The Pound Sterling (GBP) remains under pressure against the US Dollar early Thursday, reaching a two-month low near 1.2520. The selloff intensified as persistent US inflation data dampened expectations for near-term Federal Reserve (Fed) rate cuts.
Market Sentiment: Dollar Strengthens, Rate Cut Expectations Shift
Hotter-than-expected US Consumer Price Index (CPI) and Nonfarm Payrolls (NFP) data for March suggest the Fed may hold off on rate cuts. The March FOMC Minutes further reinforced a hawkish outlook. This scenario has bolstered the US Dollar Index (DXY), which hit a fresh four-month high near 105.30.
BoE Policymaker Offers Little Support
A hawkish stance from Bank of England (BoE) policymaker Megan Greene failed to buoy the Pound. Greene cast doubt on expectations for a BoE rate cut pivot ahead of the Fed, stating UK inflation is proving more persistent than in the US due to a tight labor market and energy-driven trade shocks.

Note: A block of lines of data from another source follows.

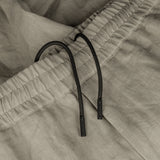 drawstring detail of EASY LINEN PANTS / MASTICE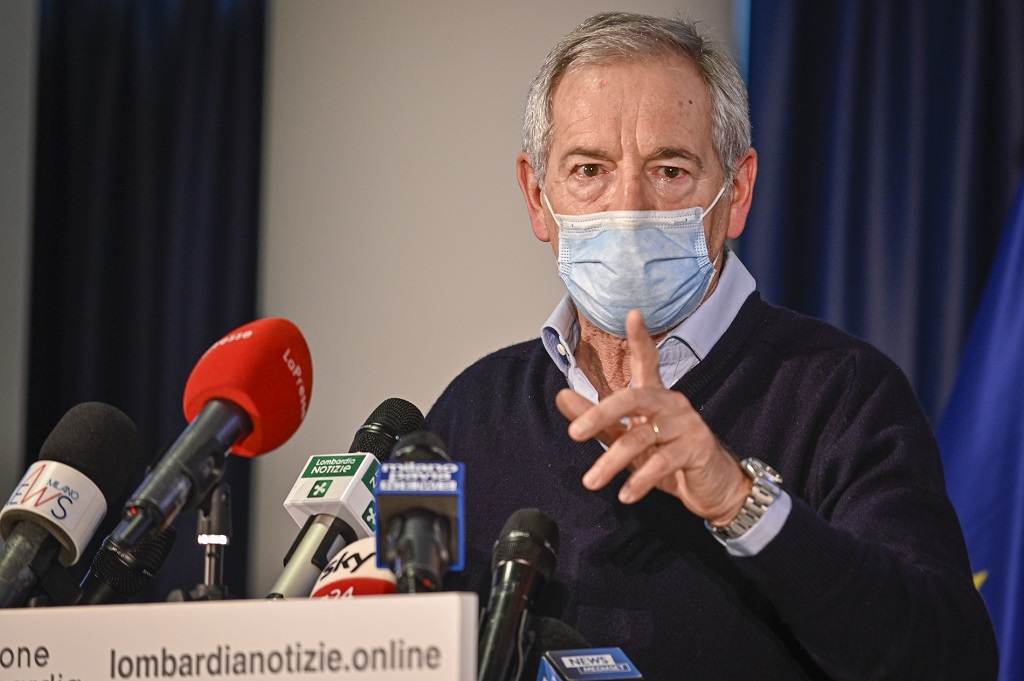Bertolaso lascia la Lombardia ma per l’opposizione un “commissario part-time” non è accettabile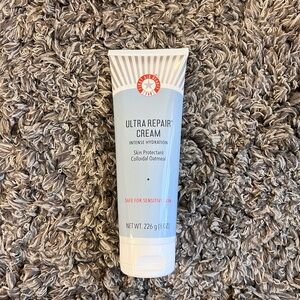 First Aid Beauty - Ultra Repair Cream (8oz)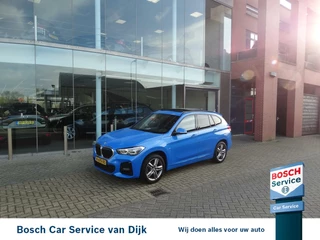 BMW X1 xDrive20i High Executive aut M-pakket / Panoramadak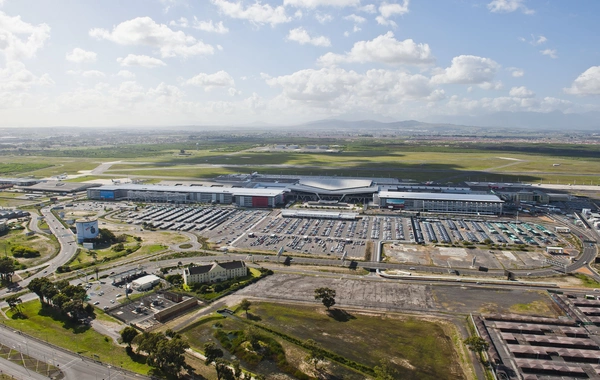 Schiphol hava limanında iki təyyarə toqquşub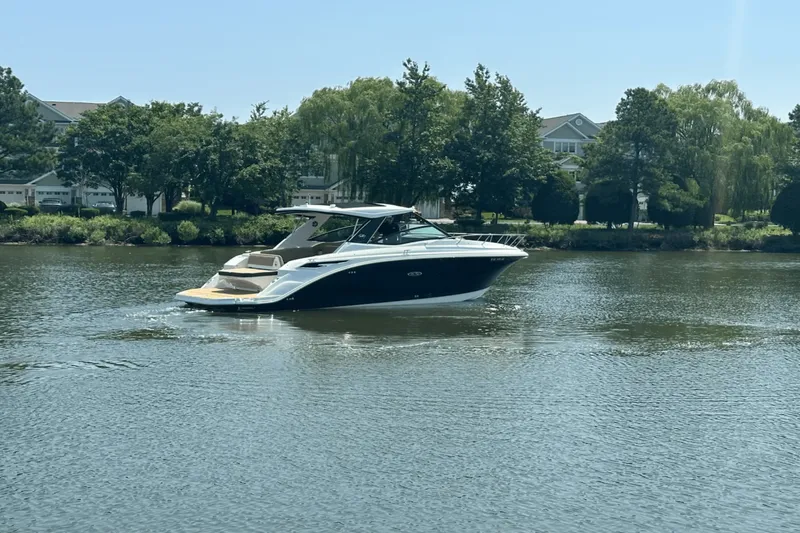 Slide: The Image of Sea Ray 320 DA 2023 - 2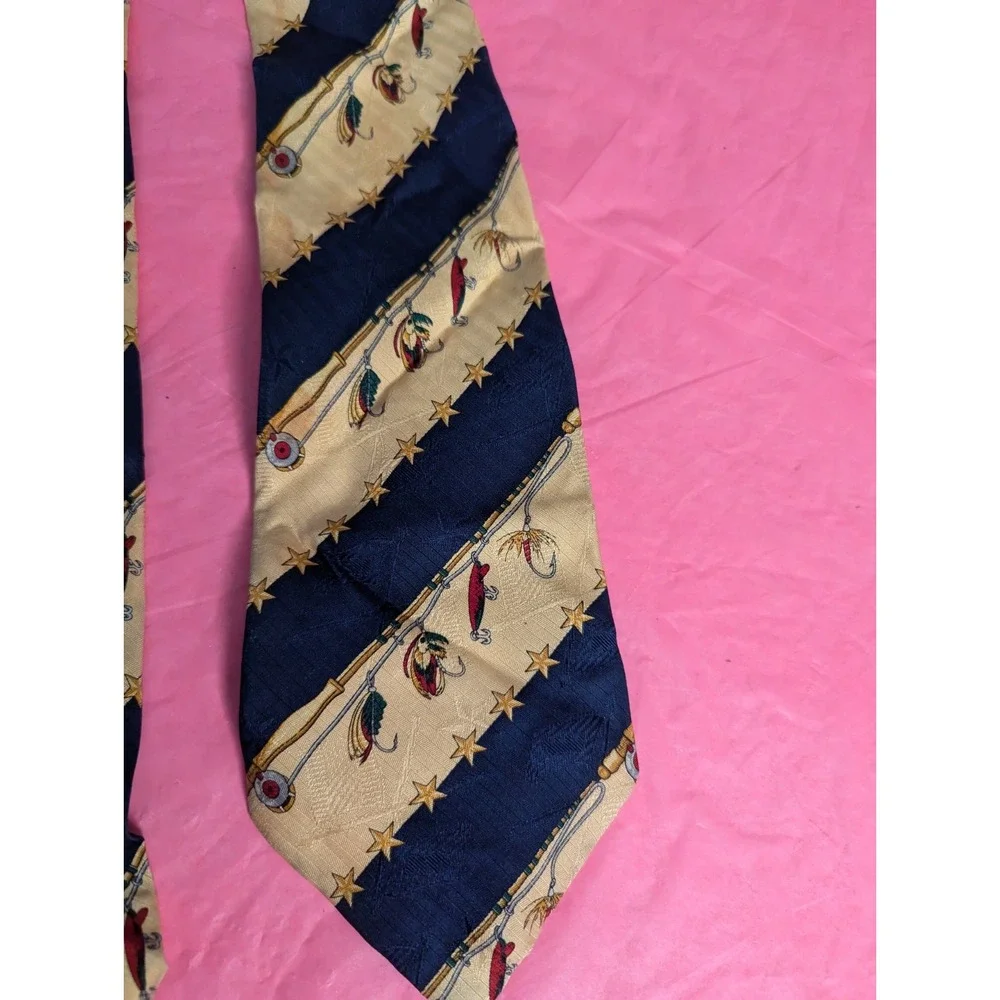 Vintage‎ Tommy Hilfiger 100% Italian SILK multicolor mens necktie USA fishing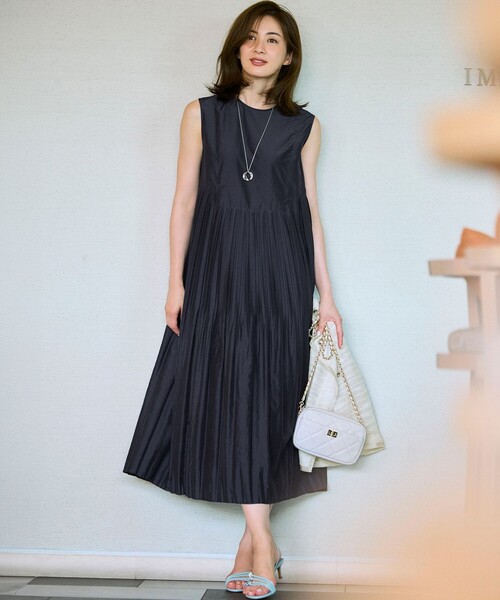 23区（ニジュウサンク） ワンピース 「洗える」プリーツコンビ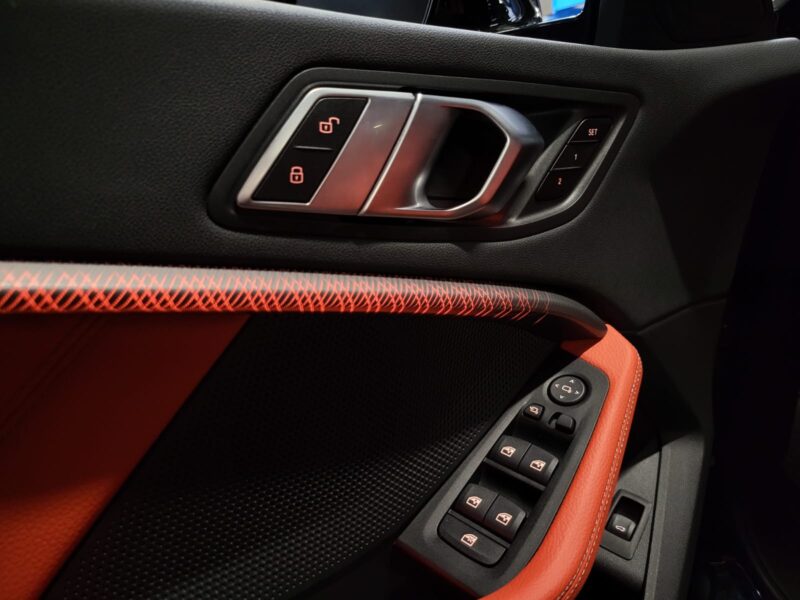 BMW SERIE 1 M135 i X-Drive 306cv PACK M PERFORMANCE TOIT OUVRANT / SIEGES PERF ELECT A MEMOIRE 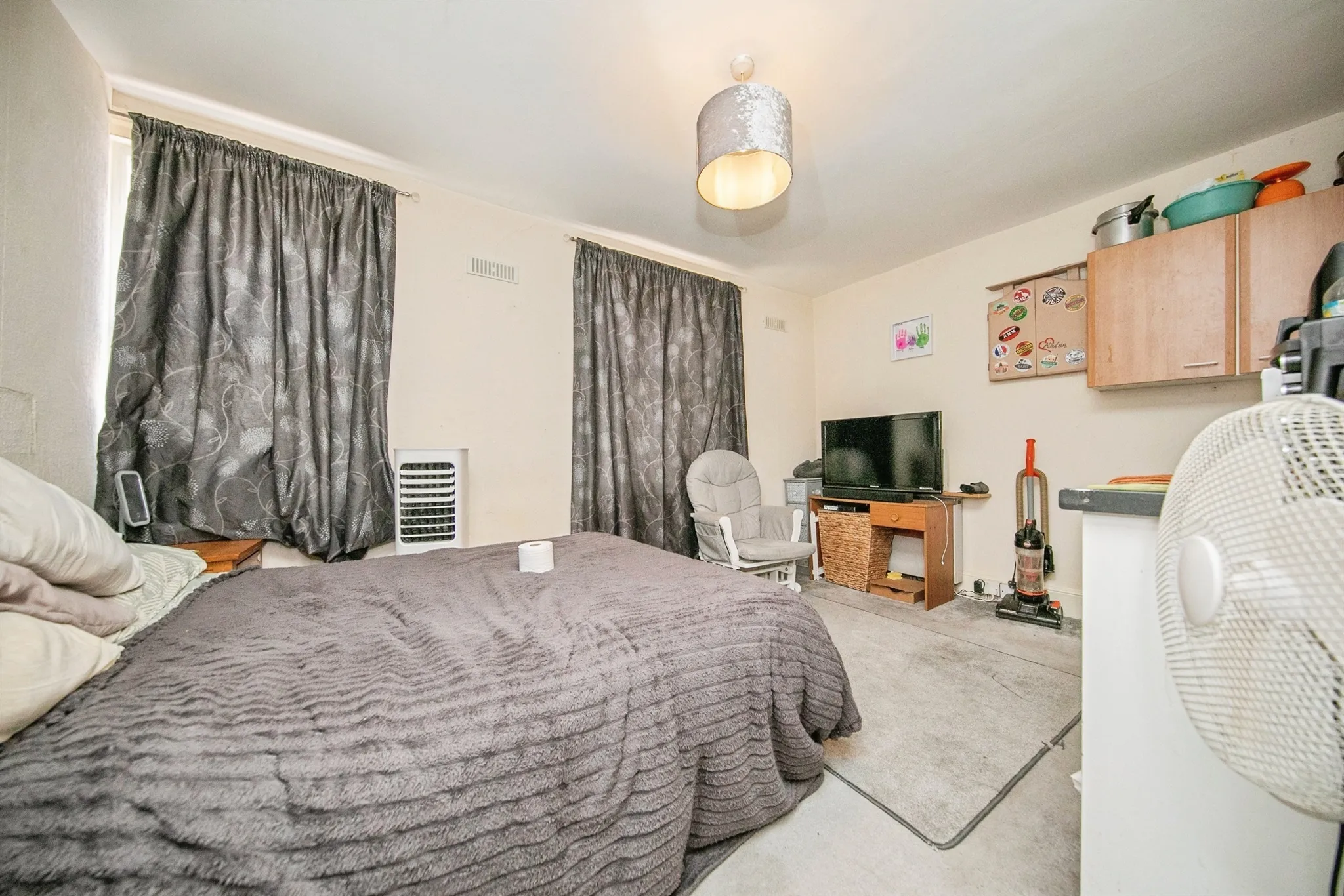 5 bed Semi-Detached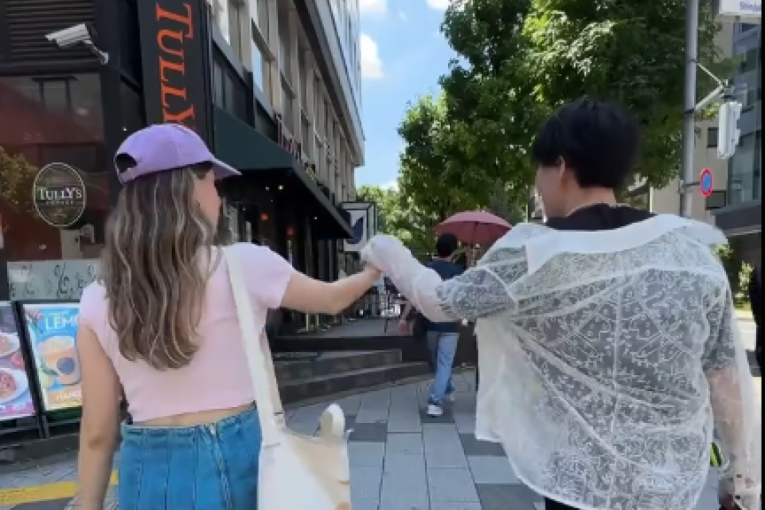 Iznajmila dečka na dva sata za 170 evra: Otkrila kako je prošao dejt, ali i sve tajne ovog neobičnog zanimanja (VIDEO)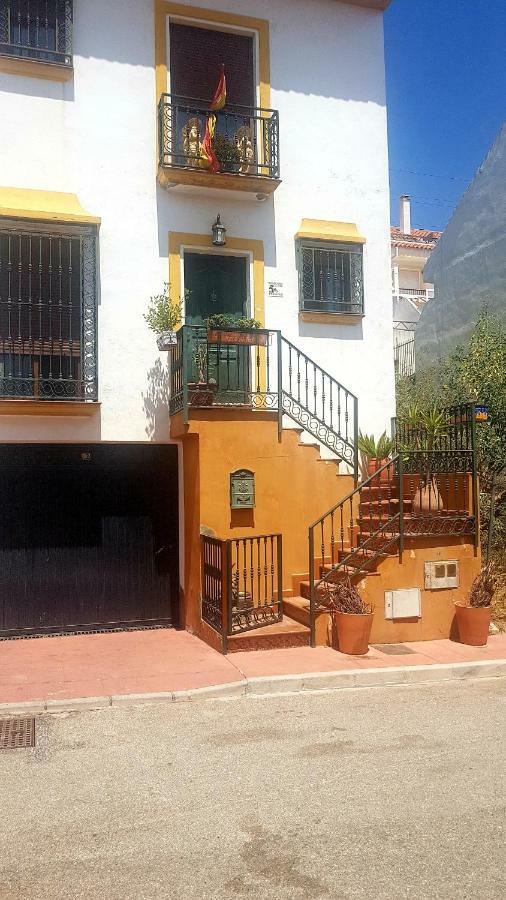 Excelente Habitacion En Bonita Y Tranquila Casa En Benalmadena Pueblo Apartment Ngoại thất bức ảnh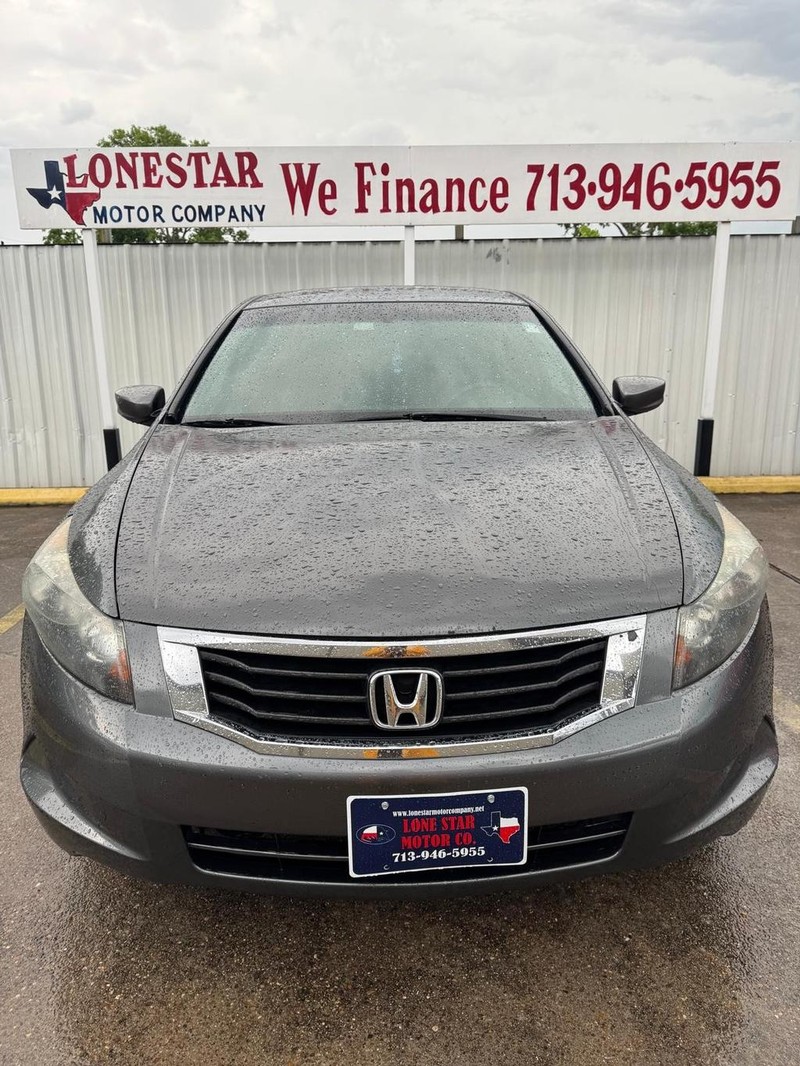 Honda Accord Sedan Vehicle Full-screen Gallery Image 03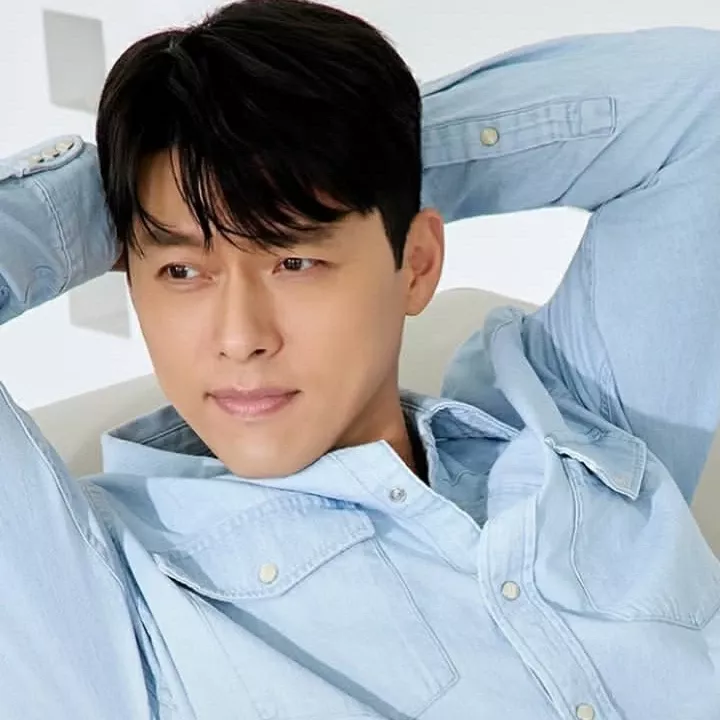 Momen yang diabadikan oleh penggemar Hyun Bin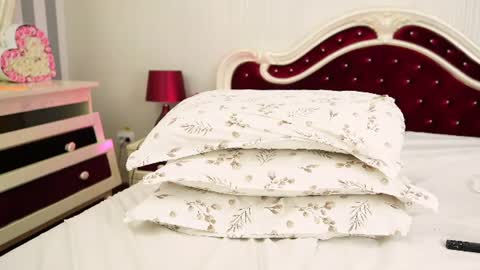 Stacy online show from July 2, 2:00 am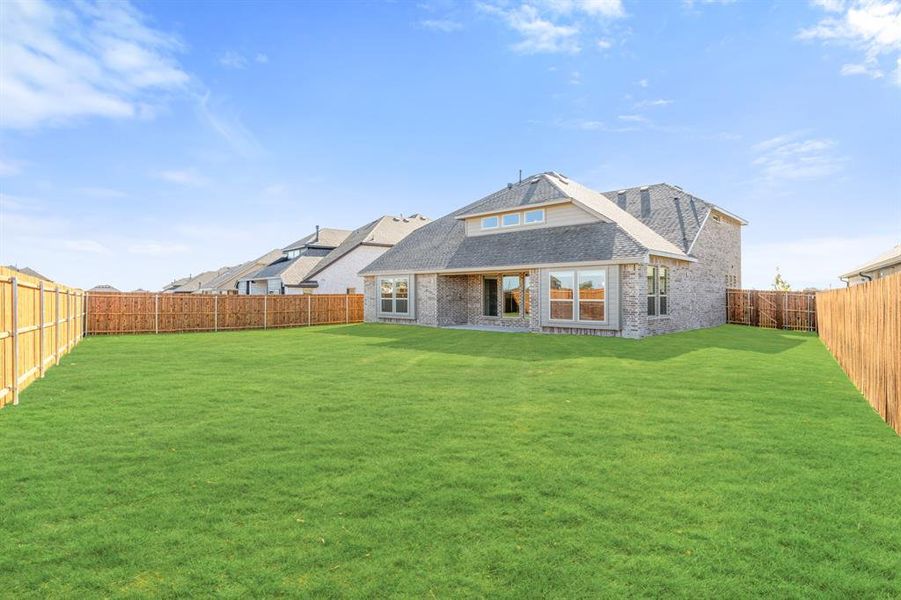 Exterior details and patio area of a home in The Oaks, Red Oak (Image 3).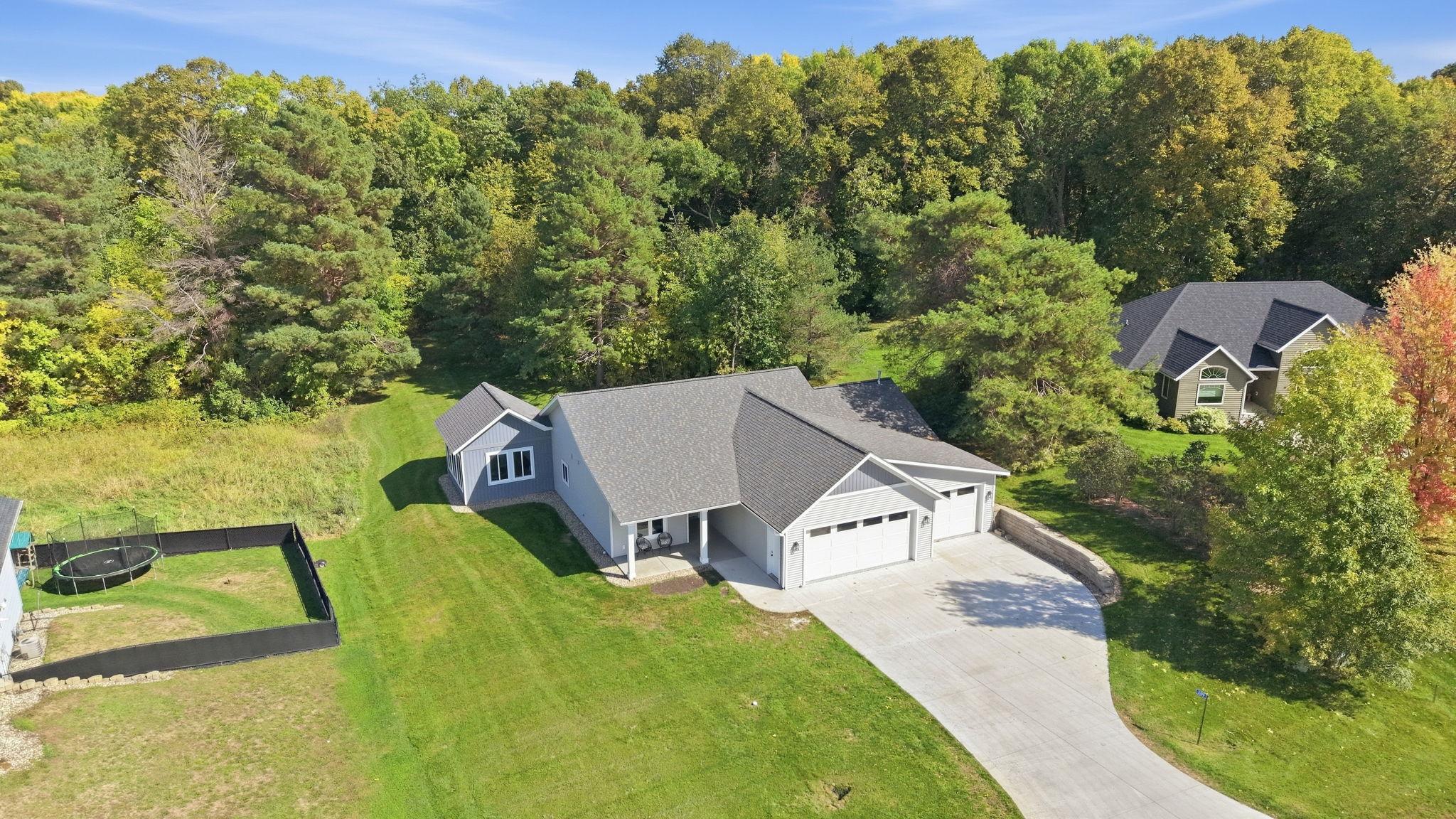 2022 single family home for sale at 3319 Lakecrest Road NE in Alexandria, MN — 2 bed, 2 bath (photo 49 of 57)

Technical Outlook: GBP/USD Eyes 1.2500, RSI Signals Bearish Bias
Risk-off sentiment continues to pressure GBP/USD towards the key psychological support of 1.2500. A decisive break below this level could trigger a steeper decline. The pair approached the 200-day Exponential Moving Average (EMA) at 1.2570, a previously significant support area. The 14-period Relative Strength Index (RSI) near 40.00 signals increasing bearish momentum.